What needs to be done - Copy out each line featuring the string "снимка" from the entries beneath.

Provided data -
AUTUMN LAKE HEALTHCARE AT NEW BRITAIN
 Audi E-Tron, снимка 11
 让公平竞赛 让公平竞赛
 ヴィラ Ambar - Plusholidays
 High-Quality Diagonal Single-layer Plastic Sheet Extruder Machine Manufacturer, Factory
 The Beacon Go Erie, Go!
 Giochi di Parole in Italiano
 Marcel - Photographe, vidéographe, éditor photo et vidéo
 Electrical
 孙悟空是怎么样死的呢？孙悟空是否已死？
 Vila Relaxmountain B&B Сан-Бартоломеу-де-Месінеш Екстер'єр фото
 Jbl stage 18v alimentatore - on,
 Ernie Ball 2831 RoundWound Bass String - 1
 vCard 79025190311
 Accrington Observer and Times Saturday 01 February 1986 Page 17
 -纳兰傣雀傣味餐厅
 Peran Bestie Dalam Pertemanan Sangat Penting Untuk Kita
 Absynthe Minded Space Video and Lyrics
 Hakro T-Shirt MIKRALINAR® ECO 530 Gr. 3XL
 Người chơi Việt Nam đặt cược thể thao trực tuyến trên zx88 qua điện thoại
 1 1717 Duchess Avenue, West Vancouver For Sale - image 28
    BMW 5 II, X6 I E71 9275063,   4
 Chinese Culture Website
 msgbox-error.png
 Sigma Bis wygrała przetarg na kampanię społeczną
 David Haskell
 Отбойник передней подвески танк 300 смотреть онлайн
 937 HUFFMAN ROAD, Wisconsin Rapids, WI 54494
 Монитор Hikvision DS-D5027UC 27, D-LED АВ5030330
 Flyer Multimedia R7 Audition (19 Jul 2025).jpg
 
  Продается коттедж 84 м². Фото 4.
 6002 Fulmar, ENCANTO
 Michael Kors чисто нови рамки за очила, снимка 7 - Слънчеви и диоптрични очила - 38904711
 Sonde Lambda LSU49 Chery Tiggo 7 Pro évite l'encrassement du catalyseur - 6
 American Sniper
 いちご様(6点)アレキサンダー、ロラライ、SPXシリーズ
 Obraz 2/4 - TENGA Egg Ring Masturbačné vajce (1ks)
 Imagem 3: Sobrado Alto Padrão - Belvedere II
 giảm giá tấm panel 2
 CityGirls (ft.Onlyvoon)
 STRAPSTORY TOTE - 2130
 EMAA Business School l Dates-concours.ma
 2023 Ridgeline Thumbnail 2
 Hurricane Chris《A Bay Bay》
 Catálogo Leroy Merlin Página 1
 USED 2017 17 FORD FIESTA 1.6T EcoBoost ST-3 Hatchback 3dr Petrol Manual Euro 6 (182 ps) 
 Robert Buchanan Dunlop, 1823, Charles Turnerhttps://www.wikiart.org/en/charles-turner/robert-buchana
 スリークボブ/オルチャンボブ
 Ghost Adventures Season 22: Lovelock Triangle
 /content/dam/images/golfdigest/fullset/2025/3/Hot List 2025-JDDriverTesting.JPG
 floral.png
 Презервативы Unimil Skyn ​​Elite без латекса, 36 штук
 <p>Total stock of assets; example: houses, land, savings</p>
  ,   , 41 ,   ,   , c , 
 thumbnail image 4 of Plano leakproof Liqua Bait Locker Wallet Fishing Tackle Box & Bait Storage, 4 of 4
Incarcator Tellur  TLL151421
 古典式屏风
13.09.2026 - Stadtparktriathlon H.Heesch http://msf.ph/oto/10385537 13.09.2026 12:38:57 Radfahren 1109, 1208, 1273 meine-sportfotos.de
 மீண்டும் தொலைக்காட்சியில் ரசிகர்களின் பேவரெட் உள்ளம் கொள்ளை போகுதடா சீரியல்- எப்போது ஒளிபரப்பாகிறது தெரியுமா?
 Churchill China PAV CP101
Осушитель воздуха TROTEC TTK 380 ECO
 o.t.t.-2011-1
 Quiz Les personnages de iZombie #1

Solution below -
 Audi E-Tron, снимка 11
 Michael Kors чисто нови рамки за очила, снимка 7 - Слънчеви и диоптрични очила - 38904711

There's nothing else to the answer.